A faithful copy is needed of the lines below from the one with "Building Bulging Biceps" up to and including the one with "X0000099501202200805151423"; set it down with no pictures and no other lines.

## Data shown
=====

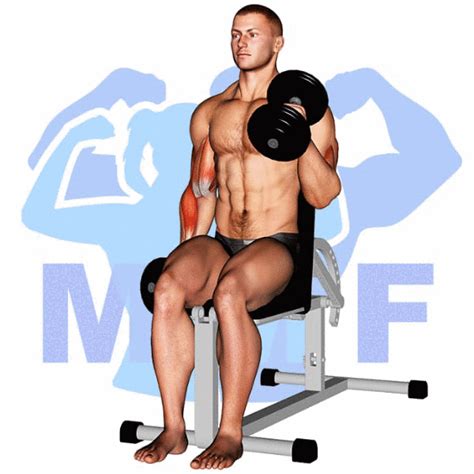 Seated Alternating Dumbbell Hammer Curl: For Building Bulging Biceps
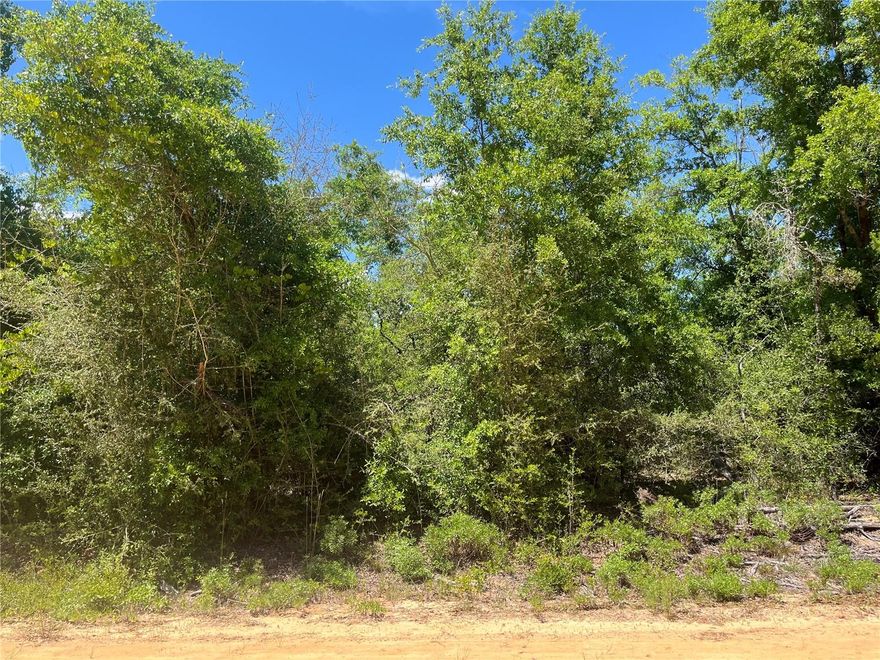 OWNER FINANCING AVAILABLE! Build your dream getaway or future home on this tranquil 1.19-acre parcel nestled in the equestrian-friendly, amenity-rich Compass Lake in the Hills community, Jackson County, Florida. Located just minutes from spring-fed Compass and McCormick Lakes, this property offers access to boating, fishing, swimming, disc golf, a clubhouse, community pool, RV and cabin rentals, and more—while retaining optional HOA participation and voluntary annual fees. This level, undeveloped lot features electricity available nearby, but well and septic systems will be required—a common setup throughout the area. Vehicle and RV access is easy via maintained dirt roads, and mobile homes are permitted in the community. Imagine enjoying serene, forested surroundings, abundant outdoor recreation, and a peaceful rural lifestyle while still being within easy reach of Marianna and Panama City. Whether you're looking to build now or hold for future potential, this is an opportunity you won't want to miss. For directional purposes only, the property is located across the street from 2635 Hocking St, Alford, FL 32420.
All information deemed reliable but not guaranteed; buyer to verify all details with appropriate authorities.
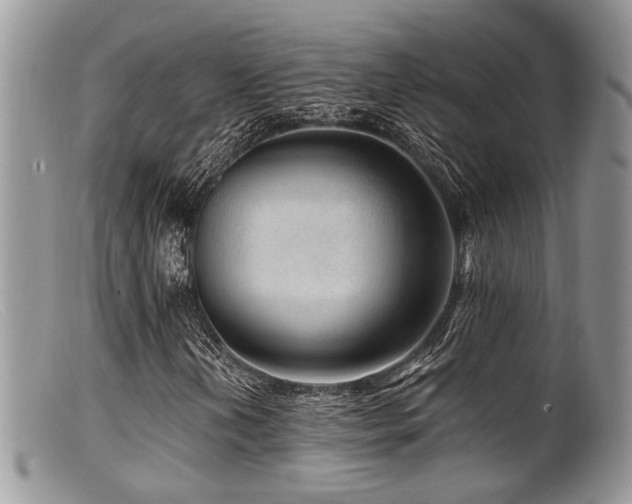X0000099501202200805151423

=====

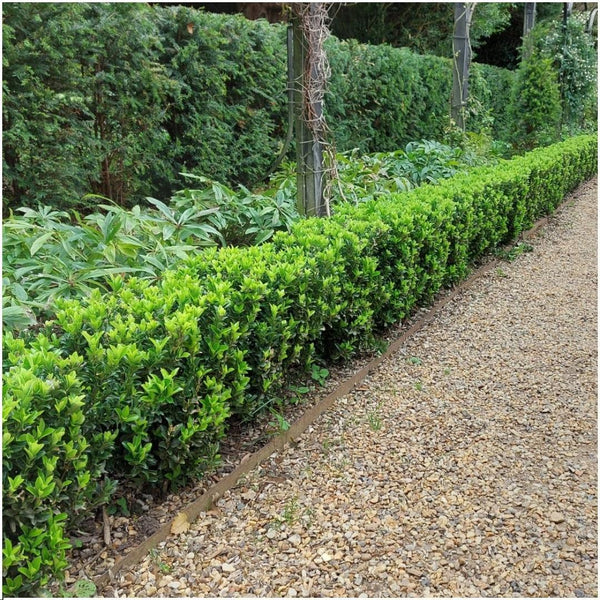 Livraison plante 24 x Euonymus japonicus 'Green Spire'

=====

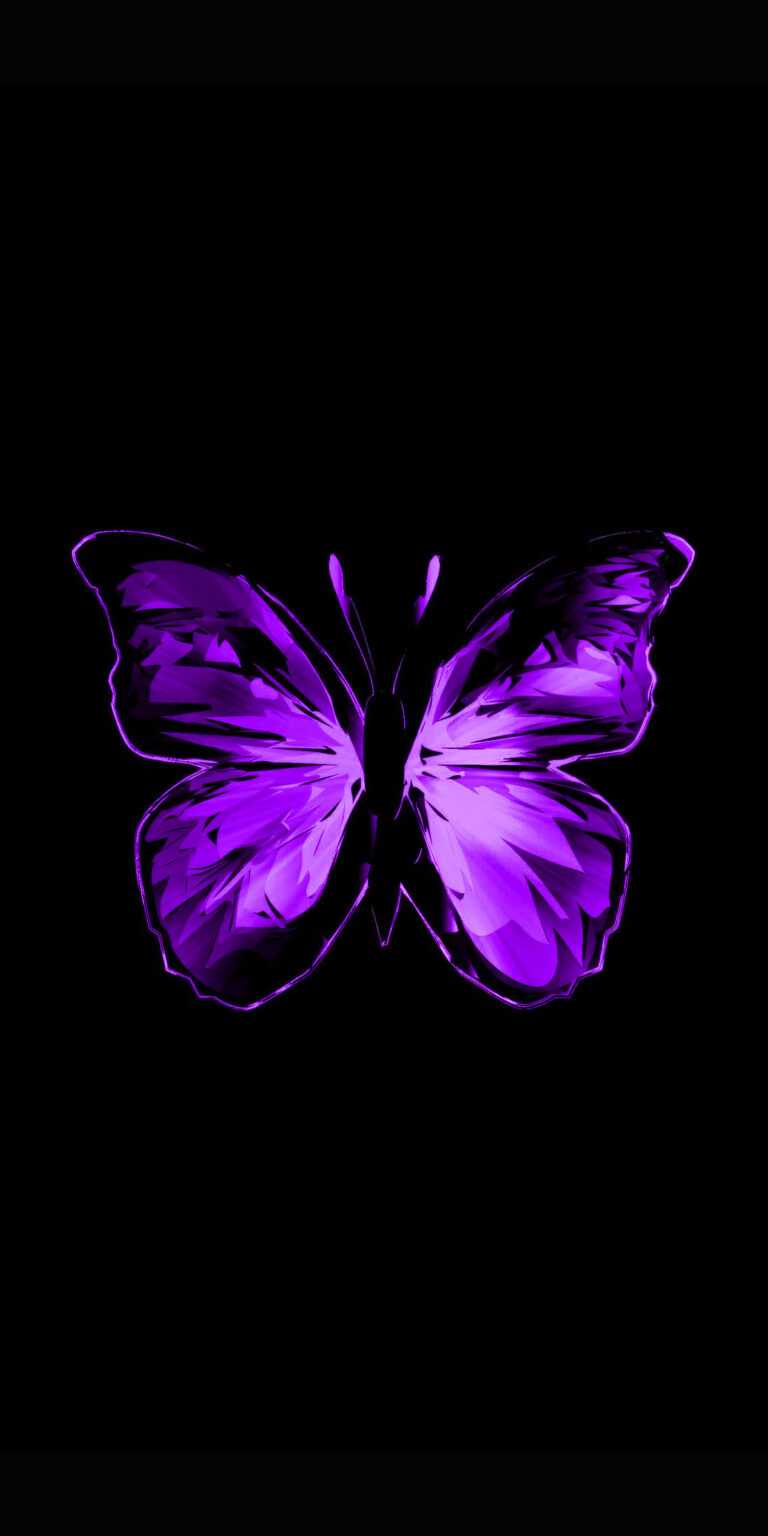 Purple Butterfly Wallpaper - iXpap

=====

## Solution
 Seated Alternating Dumbbell Hammer Curl: For Building Bulging Biceps
 OWNER FINANCING AVAILABLE! Build your dream getaway or future home on this tranquil 1.19-acre parcel nestled in the equestrian-friendly, amenity-rich Compass Lake in the Hills community, Jackson County, Florida. Located just minutes from spring-fed Compass and McCormick Lakes, this property offers access to boating, fishing, swimming, disc golf, a clubhouse, community pool, RV and cabin rentals, and more—while retaining optional HOA participation and voluntary annual fees. This level, undeveloped lot features electricity available nearby, but well and septic systems will be required—a common setup throughout the area. Vehicle and RV access is easy via maintained dirt roads, and mobile homes are permitted in the community. Imagine enjoying serene, forested surroundings, abundant outdoor recreation, and a peaceful rural lifestyle while still being within easy reach of Marianna and Panama City. Whether you're looking to build now or hold for future potential, this is an opportunity you won't want to miss. For directional purposes only, the property is located across the street from 2635 Hocking St, Alford, FL 32420.
All information deemed reliable but not guaranteed; buyer to verify all details with appropriate authorities.
X0000099501202200805151423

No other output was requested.